Installée depuis le 1er décembre dernier, la nouvelle Commission européenne peut désormais reprendre les grands dossiers que l’Union européenne doit traiter pour cette mandature 2024-2029. Si Ursula von der Leyen n’a pas connu de réelle difficulté pour rester à la tête de la Commission pour un second mandat, le contexte politique et les défis sont bien différents d’il y a cinq ans. Alors que les suppressions d’emplois se font de plus en plus nombreuses, et que l’augmentation du coût de la vie se fait ressentir partout en Europe, les enjeux sociaux seront cruciaux pour le mandat à venir.
Un nouveau centre de gravité à droite toute
Les débuts de cette nouvelle Commission ne sont pas un long fleuve tranquille. Alors qu’Ursula von der Leyen a été la candidature « naturelle » à sa succession, le Parlement européen n’a approuvé son collège de commissaires qu’à une majorité de 54%, soit la majorité la plus faible jamais enregistrée. Après des inquiétudes sur les orientations annoncées, faisant la part belle à la compétitivité et à la dérégulation, quelques signaux positifs ont été envoyés ces dernières semaines : le titre de la commissaire Roxana Minzatu a été complété, intégrant enfin les droits sociaux et les emplois de qualité, qui n’apparaissaient pas dans son titre initial centré sur les personnes et les compétences.

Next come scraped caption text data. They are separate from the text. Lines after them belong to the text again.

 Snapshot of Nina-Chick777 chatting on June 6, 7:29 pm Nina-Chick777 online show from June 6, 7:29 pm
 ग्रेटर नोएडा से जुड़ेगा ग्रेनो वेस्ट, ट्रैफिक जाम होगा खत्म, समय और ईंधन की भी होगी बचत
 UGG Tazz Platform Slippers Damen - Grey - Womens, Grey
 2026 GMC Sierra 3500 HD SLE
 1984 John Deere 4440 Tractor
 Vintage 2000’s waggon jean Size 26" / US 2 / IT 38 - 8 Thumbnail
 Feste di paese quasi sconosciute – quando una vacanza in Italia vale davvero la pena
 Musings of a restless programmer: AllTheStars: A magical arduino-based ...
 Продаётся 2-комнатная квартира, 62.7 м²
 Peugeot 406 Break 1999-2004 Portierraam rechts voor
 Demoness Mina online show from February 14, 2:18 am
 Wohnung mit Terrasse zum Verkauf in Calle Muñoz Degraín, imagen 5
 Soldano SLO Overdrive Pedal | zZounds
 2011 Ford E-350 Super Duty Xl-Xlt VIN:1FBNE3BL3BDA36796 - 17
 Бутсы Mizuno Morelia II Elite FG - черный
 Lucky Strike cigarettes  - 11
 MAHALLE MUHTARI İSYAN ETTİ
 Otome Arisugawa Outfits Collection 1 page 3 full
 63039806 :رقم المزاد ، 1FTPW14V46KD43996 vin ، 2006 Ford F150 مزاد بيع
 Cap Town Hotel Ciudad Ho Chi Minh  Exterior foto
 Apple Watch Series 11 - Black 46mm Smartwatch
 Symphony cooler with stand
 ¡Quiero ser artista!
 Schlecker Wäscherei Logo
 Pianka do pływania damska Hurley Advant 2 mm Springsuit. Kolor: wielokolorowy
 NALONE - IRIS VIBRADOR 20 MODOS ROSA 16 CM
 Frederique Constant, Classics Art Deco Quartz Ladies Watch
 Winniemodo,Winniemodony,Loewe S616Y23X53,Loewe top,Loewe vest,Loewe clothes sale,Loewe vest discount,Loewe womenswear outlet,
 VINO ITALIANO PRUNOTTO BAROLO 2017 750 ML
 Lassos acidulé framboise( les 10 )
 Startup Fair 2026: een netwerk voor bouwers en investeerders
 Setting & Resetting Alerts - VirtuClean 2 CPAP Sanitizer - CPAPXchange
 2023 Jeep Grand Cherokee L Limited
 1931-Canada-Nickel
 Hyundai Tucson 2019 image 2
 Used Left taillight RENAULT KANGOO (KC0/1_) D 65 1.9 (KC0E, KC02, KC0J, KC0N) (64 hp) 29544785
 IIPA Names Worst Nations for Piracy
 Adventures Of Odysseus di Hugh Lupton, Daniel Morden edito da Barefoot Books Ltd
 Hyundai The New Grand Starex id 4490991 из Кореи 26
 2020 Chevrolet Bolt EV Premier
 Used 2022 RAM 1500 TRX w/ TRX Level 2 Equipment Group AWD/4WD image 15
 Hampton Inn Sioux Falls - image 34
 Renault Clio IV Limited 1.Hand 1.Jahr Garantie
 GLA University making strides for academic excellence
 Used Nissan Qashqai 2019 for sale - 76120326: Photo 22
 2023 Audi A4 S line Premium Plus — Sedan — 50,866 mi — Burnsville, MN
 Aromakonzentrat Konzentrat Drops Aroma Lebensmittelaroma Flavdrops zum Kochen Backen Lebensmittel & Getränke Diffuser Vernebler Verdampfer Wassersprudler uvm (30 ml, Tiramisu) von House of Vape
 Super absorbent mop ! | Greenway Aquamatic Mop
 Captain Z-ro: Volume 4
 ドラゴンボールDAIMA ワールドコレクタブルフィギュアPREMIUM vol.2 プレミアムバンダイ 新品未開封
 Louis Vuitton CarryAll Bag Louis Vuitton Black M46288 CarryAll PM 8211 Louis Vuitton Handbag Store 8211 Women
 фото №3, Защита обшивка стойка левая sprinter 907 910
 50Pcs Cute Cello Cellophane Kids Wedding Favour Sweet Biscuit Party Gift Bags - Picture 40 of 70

Dès l’été, la Commission avait annoncé vouloir avancer rapidement, dès le premier trimestre 2023, sur l’adoption d’un Pacte sur le dialogue social, faisant suite notamment au sommet social de Val Duchesse début 2024. Ce document devrait être le premier acte d’une série de mesures, dont les contours restent à préciser.
Des priorités qui manquent encore de concret
En effet, « la boussole pour la compétitivité » – annoncée comme un plan d’action s’appuyant sur les recommandations du rapport Draghi – devrait être détaillée fin janvier. Déjà, 14 « groupes de projet » ont été annoncés au début du mois de janvier pour travailler sur les priorités transversales, dont un groupe dédié aux compétences, aux emplois et aux droits sociaux. Dans ce cadre, une feuille de route pour des emplois de qualité devrait être élaborée en lien avec les partenaires sociaux. Cependant, pour le moment, aucune annonce n’a été faite sur des initiatives législatives contraignantes… alors que les annonces de détricotage des textes durement négociés lors du dernier mandat fleurissent.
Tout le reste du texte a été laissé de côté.